Draw a typical fundamental diagram and flow-density data containing
both free and congested traffic
- (advanced) Explain the Simpson effect when analyzing a day of
traffic flow data
- (advanced) [Given a sheet of paper with some data points
of vehicle trajectories (FCD) and stationary detector data (SDD) in
the x-t plane]. How data inconsistencies may arise when both
SDD and FCD are available? How to resolve this issue?
- Discuss the difference between microscopic and macroscopic
traffic flow models
- Discuss the differences between time-continuous models, iterated
maps, and cellular automata. Is it possible to formulate a
macroscopic model by a cellular automaton?

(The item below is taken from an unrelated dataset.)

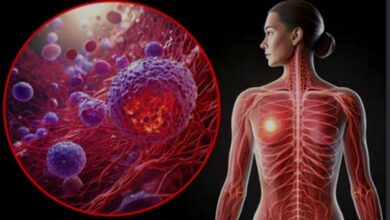 Photo of हाई-फैट कीटो डाइट बढ़ा सकती है ब्रेस्ट कैंसर का खतरा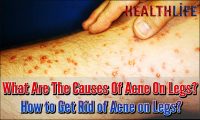 What Are The Causes Of Acne On Legs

- How to derive the hydrodynamic relation flow=speed times density?
- Write down the simplest continuity equation (homogeneous road) on a
sheet of paper. Now integrate both sides of this equation over space
from x1 to x2. What do you get?
- Discuss the Eulerian and Lagrangian point of view
- Write the simplest LWR on a sheet of paper and discuss the terms
and variables
- Given a LWR model with a certain fundamental diagram on a sheet
of paper and two
points p1 and p2 on it.
- How to determine local propagation
velocities at a density corresponding to p1?
- Given is a transition from
p1 to p2 while traffic is in state p1 upstream and in state p2
downstream of the transition region, respectively: Under which
condition a shockwave will form? If it forms, what will be its velocity?
- Give examples of traffic-related bottlenecks (the more, the better)
- A traffic jam with a sharp transition free to congested forms
upstream of a bottleneck. How to determine if the jam area increases
or shrinks based on a counting detector at the bottleneck and a detector in
the free-flow region further upstream? (Notice: may also come
as a numerical
example)
- Give to mechanisms leading to a resolution of an existing traffic
jam (from the demand and supply side)
- A partial road block caused by an accident and causing a
congestion is removed. Give the
spatiotemporal dynamics of the congested region
- How to macroscopically model traffic lights?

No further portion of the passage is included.